My father died this week, three days before Christmas. They found his overturned car at the bottom of an embankment near a quarry off Lone Mountain Road just outside of Las Vegas. He had been missing for three days after he had gone out for errands and never came back. This had happened once before when he ended up in a state park close to the Utah border. He had diabetes and the onset of Alzheimer’s. He would go out driving and get confused. He was 81.
The news report on a local Las Vegas affiliate had it right. They said that if there were one thing that characterized the life of Arthur Anthony Brancatelli, it was “wheels.” He was a retired New York City firefighter who drove fire engines and worked two jobs most of his life, the second being as a cabdriver. He owned his own medallion and spent his off duty hours driving the iconic, yellow Checker around Staten Island. Later, in retirement, he drove tour buses and motor coaches. I remember him telling me about the time he drove the Ursinus College women’s field hockey team to a game. He had driven to Ursinus College often years before when I attended it as an undergraduate.
But there is another side to wheels. Firefighting is one of the most dangerous jobs you can have, and, although he never felt as if his life were in danger, we were all well aware of the risks. Driving buses had its dark side, too, which became evident the rainy night a teenager ran a stop sign at an intersection and broadsided my father’s bus. The boy had a date with him and both had been drinking. The boy died. That incident affected my father more than any of us expected.
Dad was a Korean War veteran, having served in the Air Force. Being in the military had its advantages. He was able to get the dental work he needed, learned radio communications, and was in the best physical condition of his life. Of course, he was also part of a generation that never talked about the war. In fact, he didn’t talk much about anything. He dealt with what was in front of him, had a very practical approach to life, and wanted to be left alone just as he left others alone.
I learned two things from my father; that is, I tried to learn. It’s not his fault that I never quite got them. It’s just that I got in the way of my own learning, which is something I try to keep in mind as a teacher. He tried to teach me about boundaries and money, not by explanation but by example. The funny thing is that, if he were here right now, he would probably turn around and say, “What the hell are you talking about?”
Here’s what I’m talking about. We played catch in the yard, argued politics, and competed for my mother’s attention, but he never forgot that he was my father and I was his son. We were never friends the way young fathers are today. Dad kept a boundary between us not intentionally but because that was what fathers did. They provided and protected, not unlike a domestic police unit. You don’t process feelings with a domestic police unit. I did not appreciate it then, but I do now.
I am a father and grandfather and understand the importance of boundaries for everyone’s sake. Most people today get boundaries backward. They think they exist to keep them fenced in, but they are actually there to give them room and space to grow.

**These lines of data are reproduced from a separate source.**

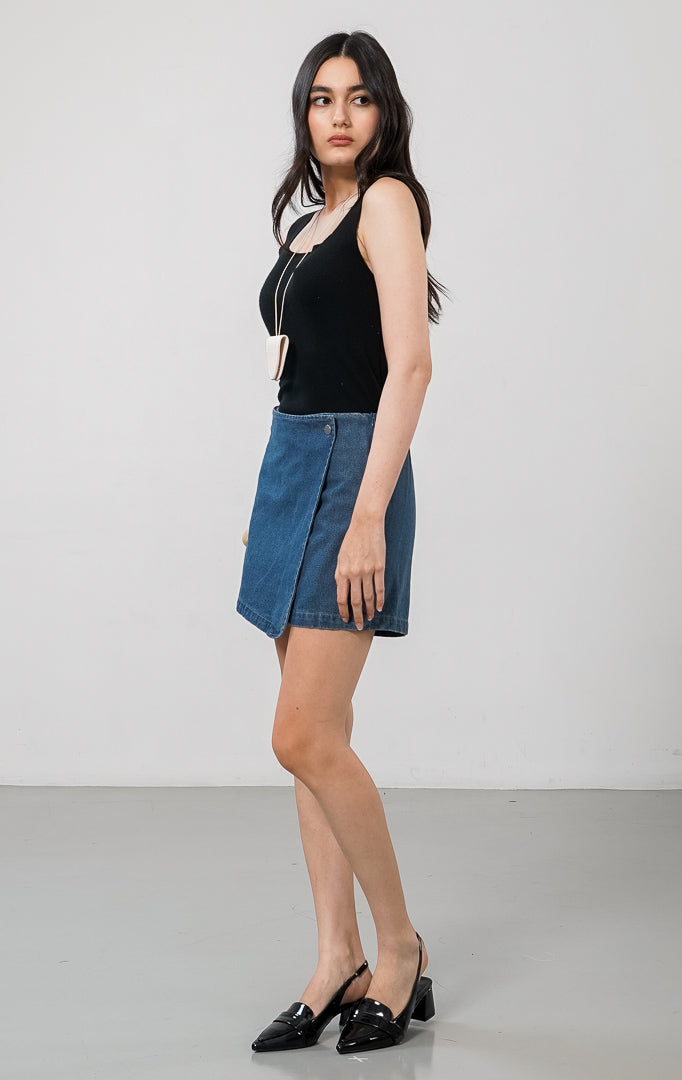 Greta Skort Denim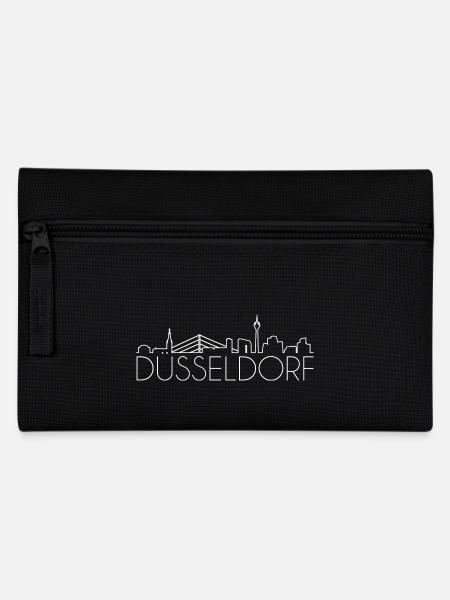 Shirt_Du--sseldorf_Invert - Federtasche - Schwarz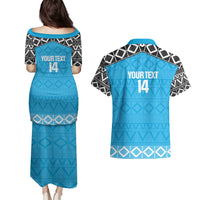 Custom Tanzania Cricket Couples Matching Puletasi and Hawaiian Shirt Go Cows Sporty African Pattern - Wonder Print Shop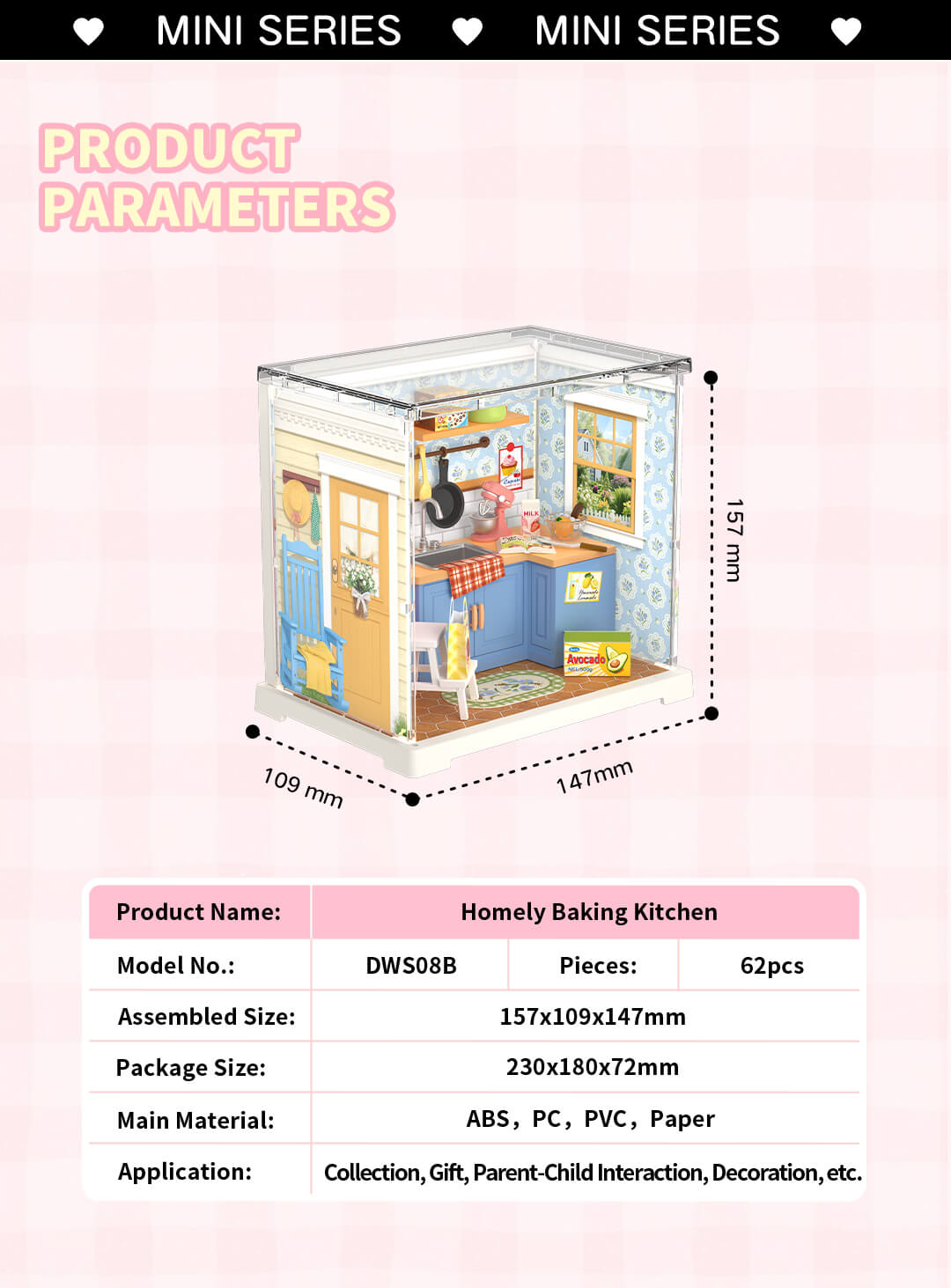 Rolife Homely Baking Kitchen Mini Super Creator DIY Miniature House DWS08B - Mô hình nhà búp bê tí hon tự lắp ráp - Rolife DWS08B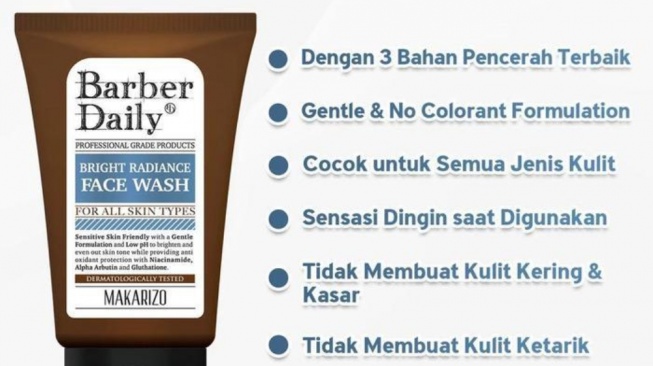 sabun cuci muka Barber Daily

Money? I wish I could say I learned that lesson, but it’s a work in progress. I know the value of a dollar, but making them on an economy of scale is another matter entirely. I remember the time I argued with my father and stormed out of the house. I tore a ten-dollar bill into pieces and threw the pieces into the garbage. It was all very dramatic. That’s what I thought of money. I was twenty-two and contemptuous of many things.
It’s tough, this thing between fathers and sons. Being a man, especially a father, is a delicate balancing act between standing tall and bending down to pick others up, sometimes to pick yourself up. You have to get the balance just right. Too much standing tall and you end up with sons who look for love in all the wrong places, as the Johnny Lee song goes. Too much bending down and you get a bad back, eventually losing your backbone, which is even worse.
It’s not just a question of expectations or what one generation is able to offer the other. It’s about defining who and what you are as a man. That’s not something that can be done at arm’s length but up close and personal. It takes courage, which, now that I think of it, is the third lesson I learned from my father.
It’s probably the most important lesson of all.